───── GIVEN INFORMATION
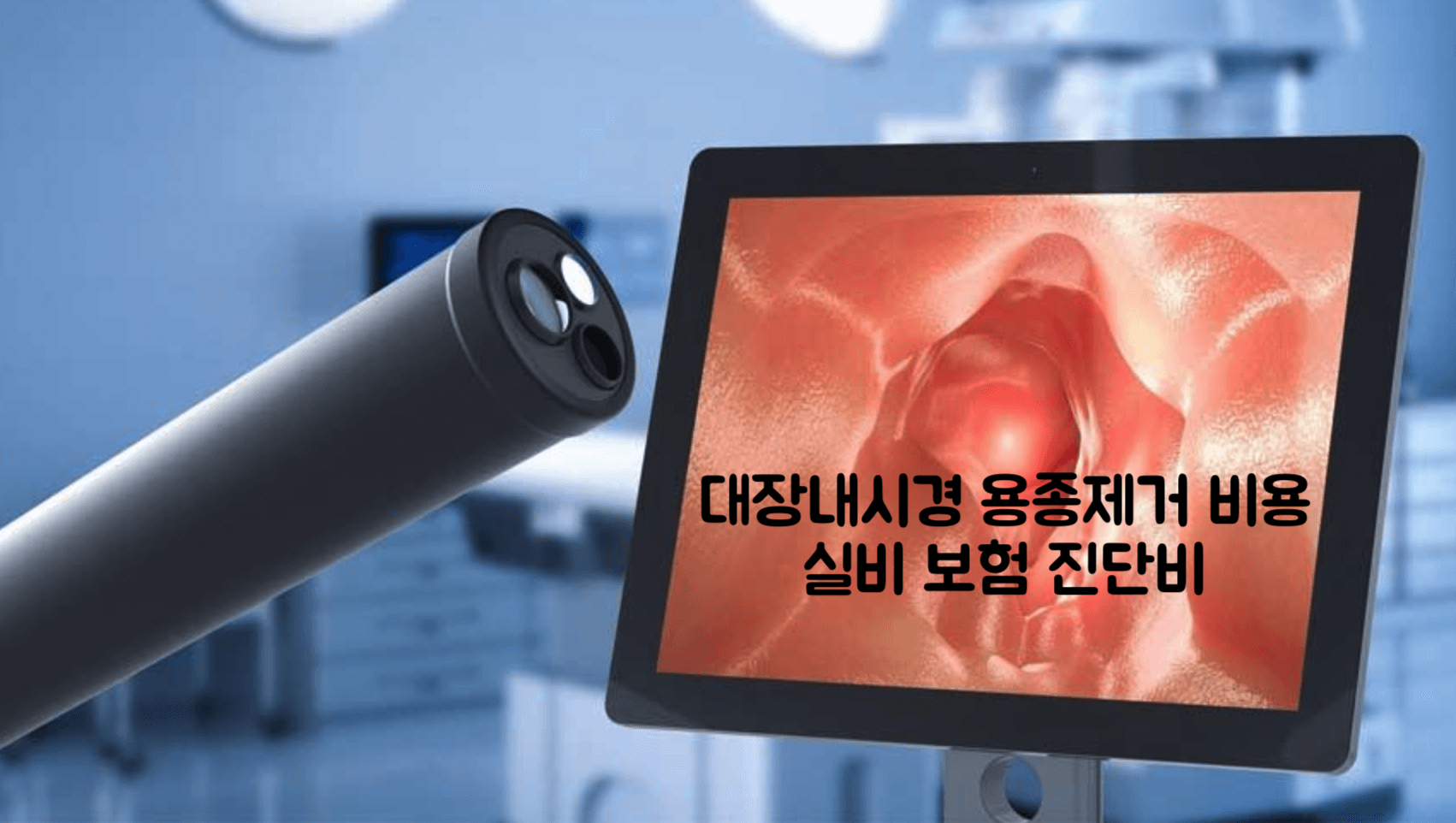 대장내시경 용종제거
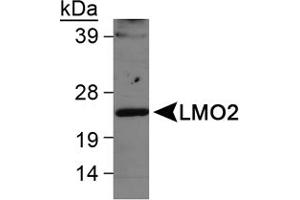 Western blot analysis of LMO2 in Ramos whole cell lysate using LMO2 polyclonal antibody . (LMO2 anticorps  (AA 1-100))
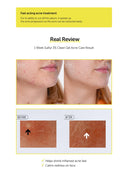 sulfur-3-clean-gel-30g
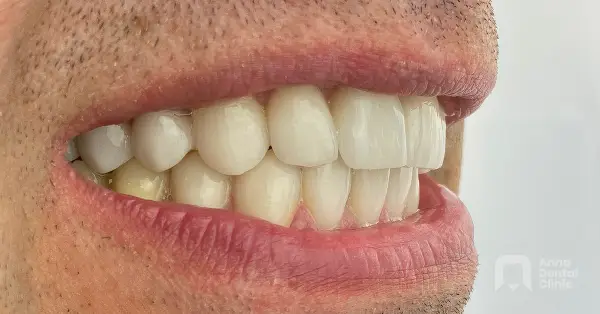 Metamorfoza uśmiechu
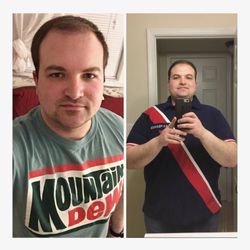Medi-Weightloss Woodbridge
──────────
DIRECTIONS: Without the pictures, restate each entry exactly.

WRITTEN RESPONSE:
 대장내시경 용종제거
 Western blot analysis of LMO2 in Ramos whole cell lysate using LMO2 polyclonal antibody . (LMO2 anticorps  (AA 1-100))
 sulfur-3-clean-gel-30g
 Metamorfoza uśmiechu
Medi-Weightloss Woodbridge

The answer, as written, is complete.